In the mid-1830s, a group of local businessmen decided to form a private company, known as the "Winchester Corn Exchange Company", to finance and commission a corn exchange for the town. The site they selected was open ground which had been occupied by a garden known as "Forstersplace" in the 15th century.

The new building was designed by Owen Browne Carter in the Italianate style, built in yellow brick with stone dressings at a cost of £4,000 and was completed in 1838. The design involved a symmetrical main frontage of eleven bays facing onto Jewry Street with the end bays projected forward as pavilions. The central section of three bays featured a portico formed by four Tuscan order columns supporting an entablature, a cornice with wide eaves and a modillioned pediment. The wings were fenestrated by round headed windows with voussoirs and, at roof level, there was a central bell turret. The portico was modelled on that designed by Inigo Jones for St Paul Covent Garden. Describing the front of the building, The Gentleman's Magazine said that Carter had "endeavored to avoid the flimsy effect of the modern Grecian school, and to keep in view the more legitimate style of design inculcated by Palladio in Italy, and at home by our own countrymen, Jones and Wren."

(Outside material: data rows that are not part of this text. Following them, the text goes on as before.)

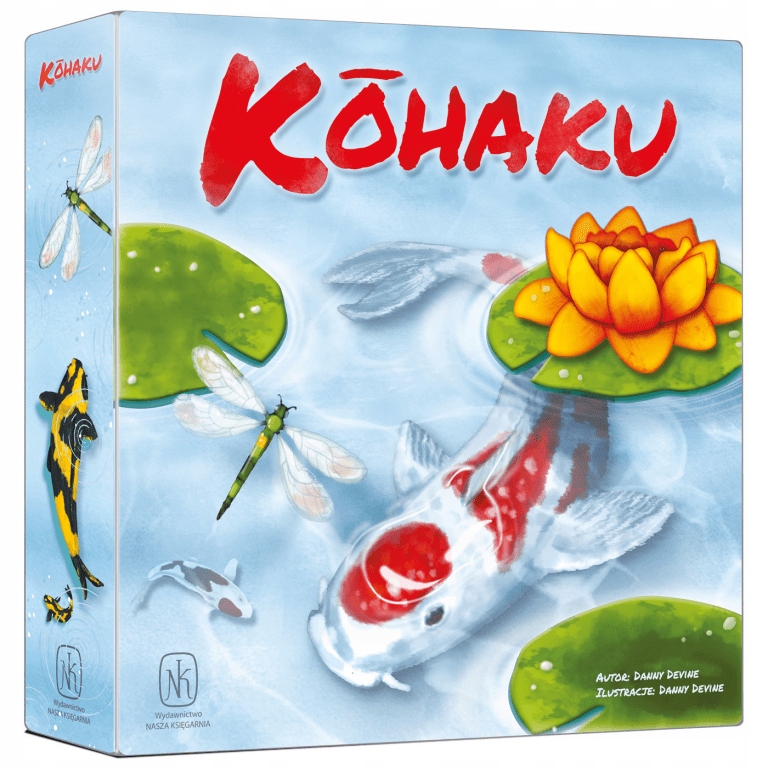 

Kohaku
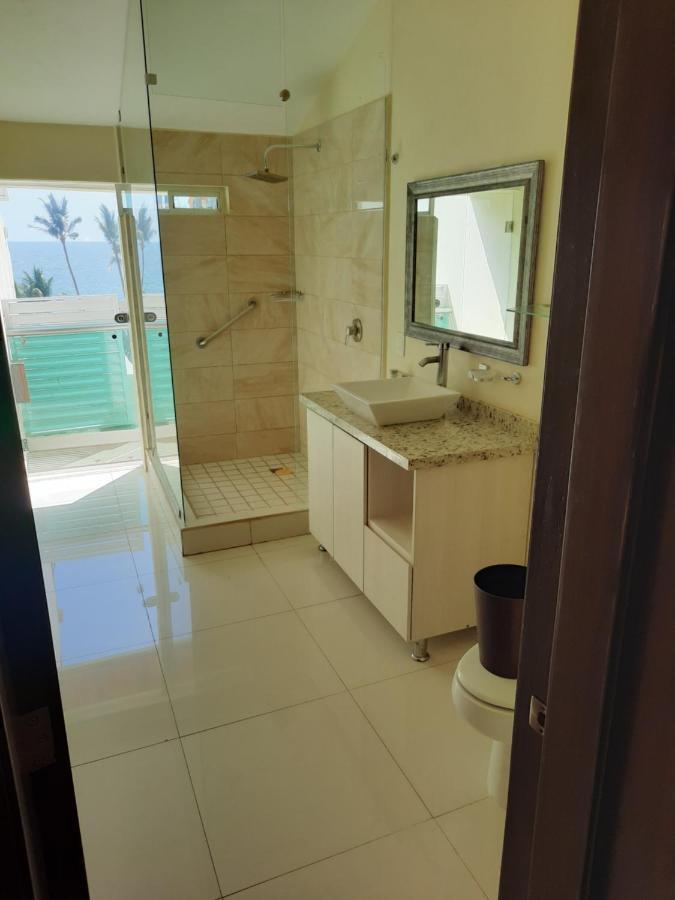 Suites Costa Dorada Bucerías Exterior foto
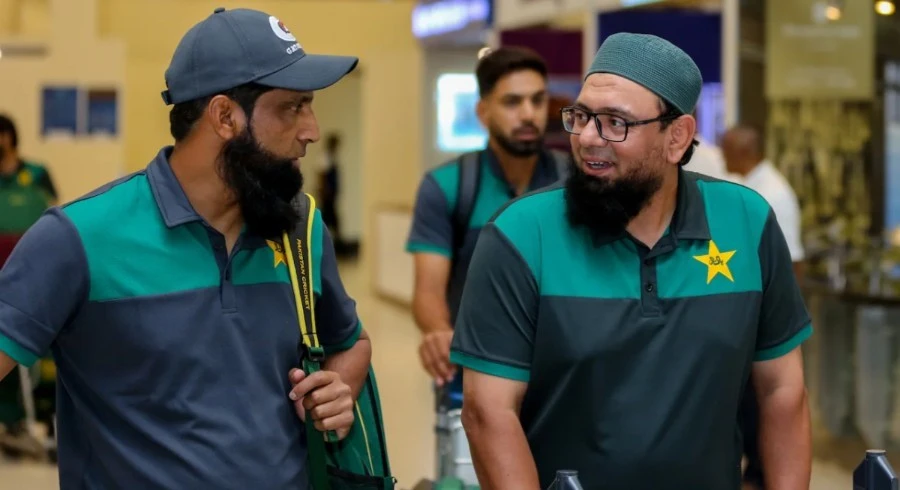 Former Captain Yousuf Ends NCA Coaching Stint With Grace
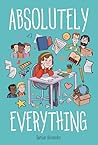 Absolutely Everything by Damian Alexander Absolutely Everything by Damian Alexander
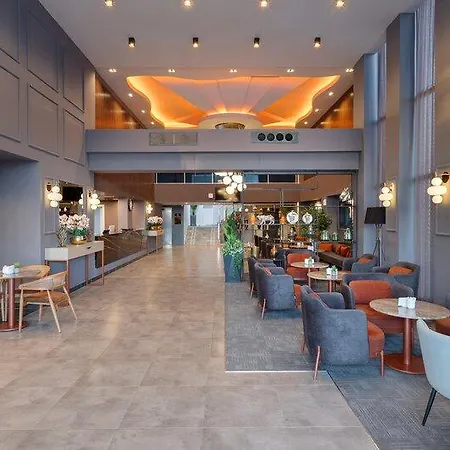 Hotella & 4* Serik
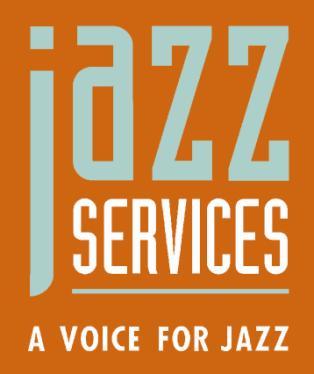 THE VALUE OF JAZZ IN BRITAIN II A report commissioned by Jazz Services Ltd from Mykaell Riley (University of Westminster) and Dave Laing (University of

The use of the building as a corn exchange declined significantly in the wake of the Great Depression of British Agriculture in the late 19th century. It was converted for use as a roller-skating rink in 1906, as a theatre in 1915 and then as a cinema in 1917. After that, it became a dance hall in 1922, a cinema again in 1933 and finally a public library in 1936. Hampshire County Council took over management of the building in 1974.

A major programme of works, costing £7 million, to convert the building into a "Discovery Centre" was completed in February 2008. The works involved the creation of an exhibition room on the ground floor. The building was officially re-opened by Duchess of Cornwall on 21 February 2008. A further programme of refurbishment works, costing £715,000, leading to the re-branding of the building as a "Cultural Hub" was completed in February 2022. Space in the building was reconfigured to make more space for exhibitions on the mezzanine floor, but the library continued to occupy most space. The Hampshire Cultural Trust took over the management of the building, which was re-branded as "The Arc", at that time.